To arrive at the offensive probability number, a weight may be given to each one of the elements. The weights may then be added together to form the offensive probability number. For example, if the image is surrounded by and is in close proximity to images whose MD5 message digests match with MD5 message digests of known offensive images then on a scale of 1-10, a weight of 8 or 9 may be attributed to this part of the calculation. If the image is a relatively large image (e.g., close to the size or larger than offensive images on the Web page), a weight of between 5 and 9 may be attributed to this calculation. Further, if from the byte comparison, it appears that the image varies little from an offensive image, then a weight of 8 or 9 may be given to this calculation.
Thus, the offensive probability number may be between 21 and 27 (i.e., an average number between 7 and 9). If it is established that an offensive probability number greater than a threshold of 6 indicates an offensive image, then the image may be classified as an offensive image. If the offensive probability number is less than but close to the threshold, then the image may be categorized as indeterminate. As mentioned above, indeterminate images may be sent to a user for classification. If the offensive probability number is a low number (e.g., 1 or 2) then the image may be classified as a non-offensive image.
The MD5 message digest of any image that is classified as an offensive image may be entered into the database where MD5 message digests of offensive images are kept. Likewise, if a database for MD5 message digest of non-offensive images is used, then the MD5 message digest of an image that has been classified as a non-offensive image may be entered in that database. Note that entering MD5 message digests of offensive and/or non-offensive images in their respective database may yield a higher future offensive/non-offensive image classification accuracy. Note further that the Web sites and/or Web pages containing images that have been classified as offensive may be added to the list of offensive Web sites that software companies such as NetNanny, CyberSitter etc. use.
Each stored message digest of an image may have associated therewith a rating. The rating may be used to determine who may access the image. For example, if a parent of a child specifies that the child may not view images having a rating of 6 or higher, then no images having a 6 or higher rating will display when the child is using the system (so long as the child is logged on the system as himself or herself). Therefore, if the child is accessing a Web page having an image whose message digest matches the message digest of a stored image with a rating of 6, the image will not display. In the case where the message digest of the image does not match any of the stored message digests, a probabilistic rating may be computed. To do so, a similar algorithm as the one used to compute the offensive probability number may be used.
Hence, offensive probability numbers are also probabilistic ratings. If, however, a user (i.e., an administrator) assigns a rating to an image, then the rating is a deterministic rating. Probabilistic ratings become deterministic once confirmed by a user.

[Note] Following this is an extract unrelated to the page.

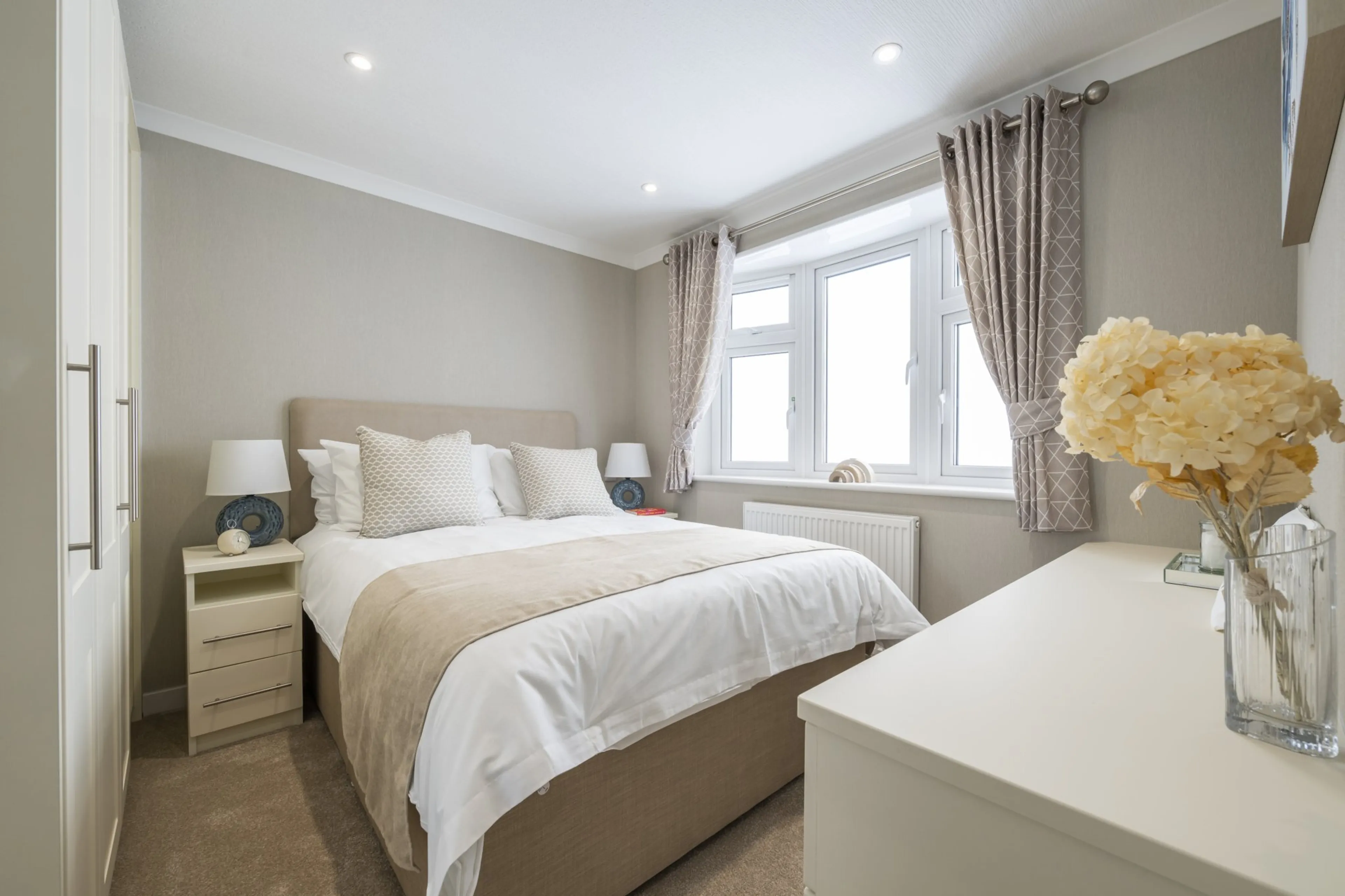 Property at Merry Hill Country Park, Honingham, Norwich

The invention was described using MD5 as a hash algorithm. However, it should be noted that the invention is not thus restricted. Any other hash algorithm may be used. Specifically, any algorithm that makes it computationally infeasible for two different messages to have the same message digest may be used. For example, Secure Hash Algorithm (SHA), SHA-1, MD2, MDC2, RMD-160 etc. may equally be used. Thus, MD5 was used for illustrative purposes only.
The invention may be implemented on an ISP's server, on a local client machine (i.e., a user's computer system) or on a transparent proxy server such as Squid. (Squid is a full-featured Web proxy cache designed to run on Unix systems.) In the case where the invention is implemented on a local client machine, a head of a household may instantiate the invention to ensure that under-aged children are not exposed to offensive images on the Internet.

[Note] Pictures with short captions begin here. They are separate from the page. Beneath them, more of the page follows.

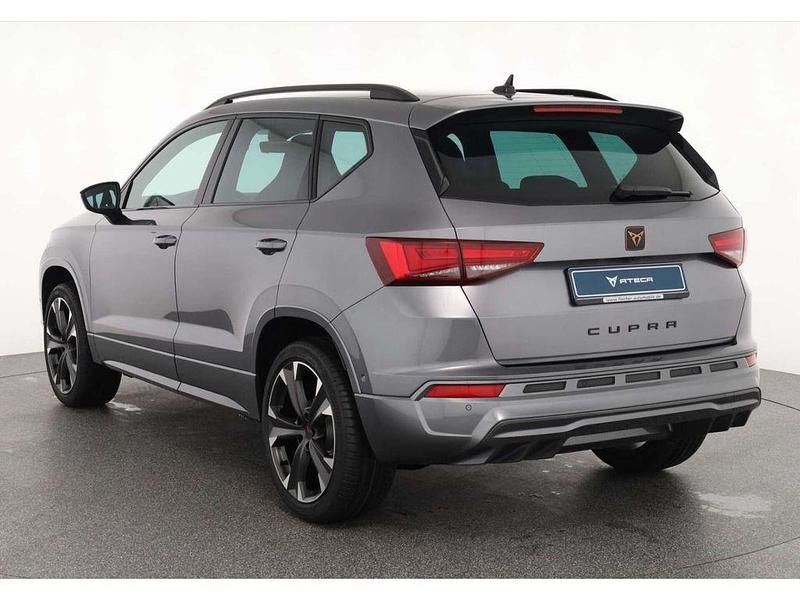 Neu Cupra Ateca 190 PS (139 kW) 2026 Grau SUV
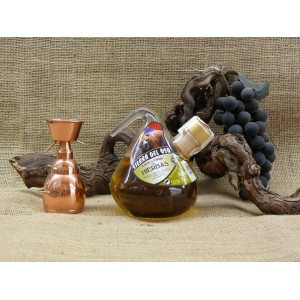 LICOR DE HIERBAS SIERRA DEL OSO 20CL. LICOR DE HIERBAS SIERRA DEL OSO 20CL.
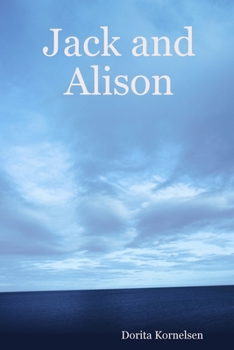 Paperback Jack and Alison Book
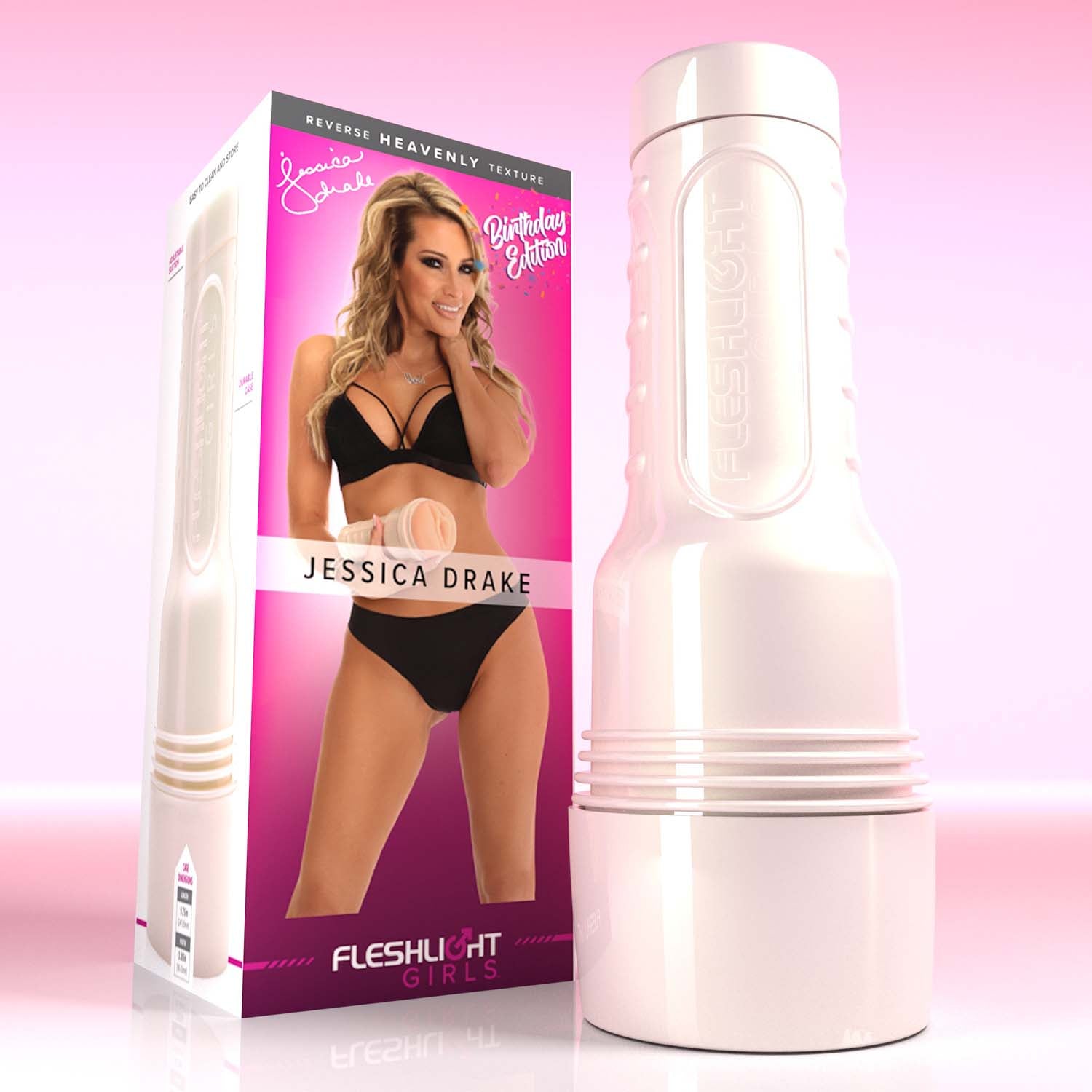 fleshlight-girls-jessica-drake-masturbateur-birthday-cake-heavenly image 1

Further, the invention may be implemented on a mail server or mail client to provide an offensive spam filtering technique. Specifically, offensive images from e-mail messages may be filtered out of in-boxes on computer systems on which the invention is implemented.

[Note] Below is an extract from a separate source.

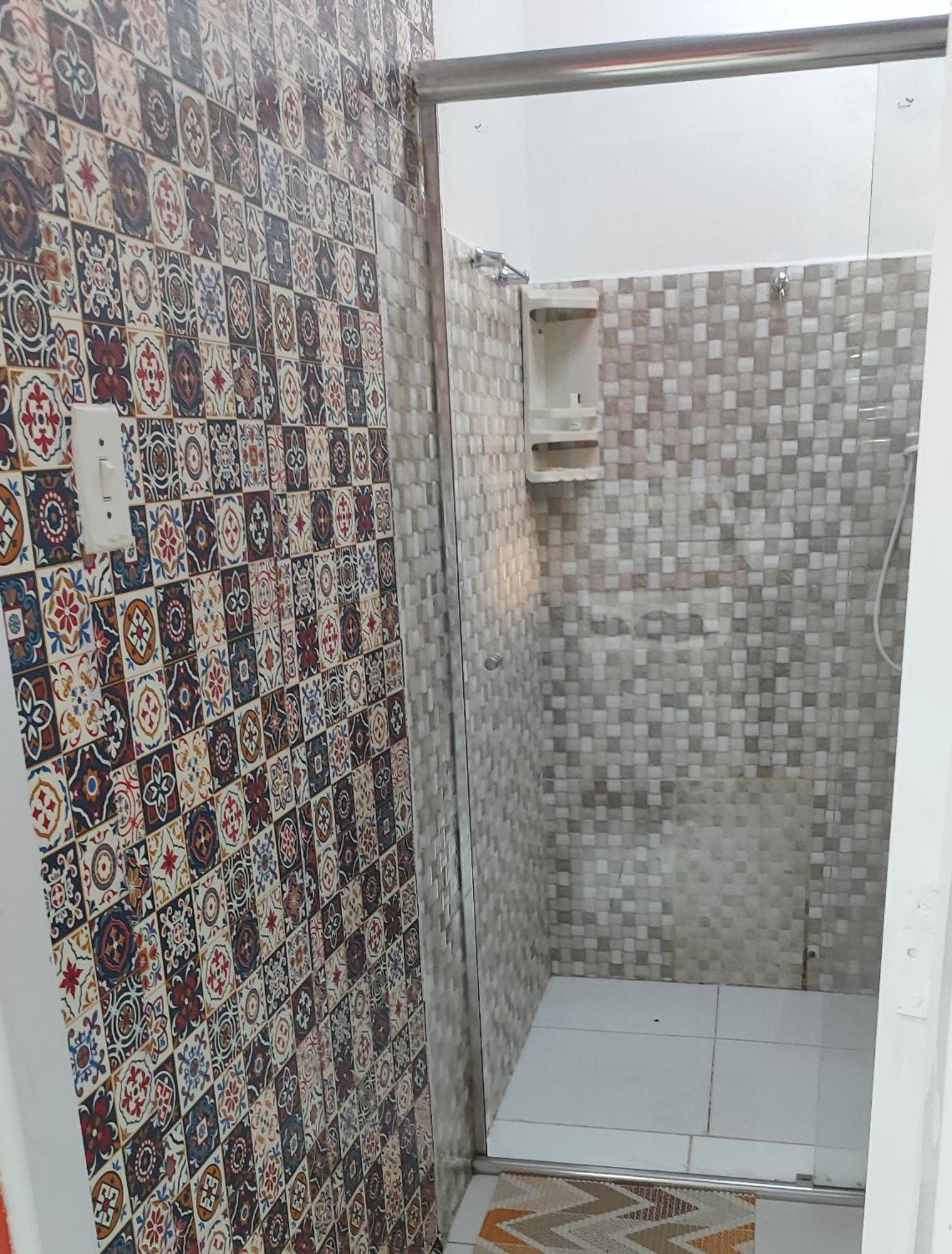 Hotel Colors מנאוס מראה חיצוני תמונה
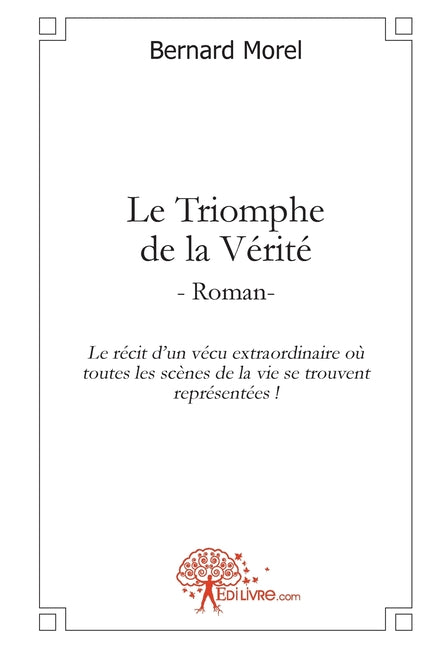 Le Triomphe de la Verite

To summarize, the invention may be implemented at a service's main server or on a user's local client from within a browser. It may also be implemented in a transparent proxy server (e.g., squid) that may be implemented by a head of household, corporation or Internet Service Provider (ISP). This technique also provides an effective offensive spam filtering technique that may be implemented by a mail server or mail client by stripping offensive graphics from in-boxes.
When implemented on a server, a database of offensive images and their MD5 values may be generated initially from a set of images known to be offensive. These database elements may be expanded manually by user identification or automatically by the tool. For the automatic case, a google-like tool may cache the MD5 sums of images on known offensive sites, then may cross-reference these MD5 values with those found on alternate sites. This google-like tool would use techniques in use today for managing lists of Web pages (i.e., URLs) and topics for searching, for example, caching the URLs and their MD5 sums in advance of a user's request. The difference form today's tools would be the MD5 sums would be used to identify the search topic in lieu of text.
When an offensive quotient at this new site is calculated and found to exceed a value, the new site is added to the list of offensive URLs that are banned and the MD5 values of the images shown on this new URL are added to the offensive database. This process is repeated until no new Web pages that exceed the offensiveness threshold are identified. As a user manually identifies offensive images, this automatic process is triggered to extend the offensive database beyond the identified URL/images.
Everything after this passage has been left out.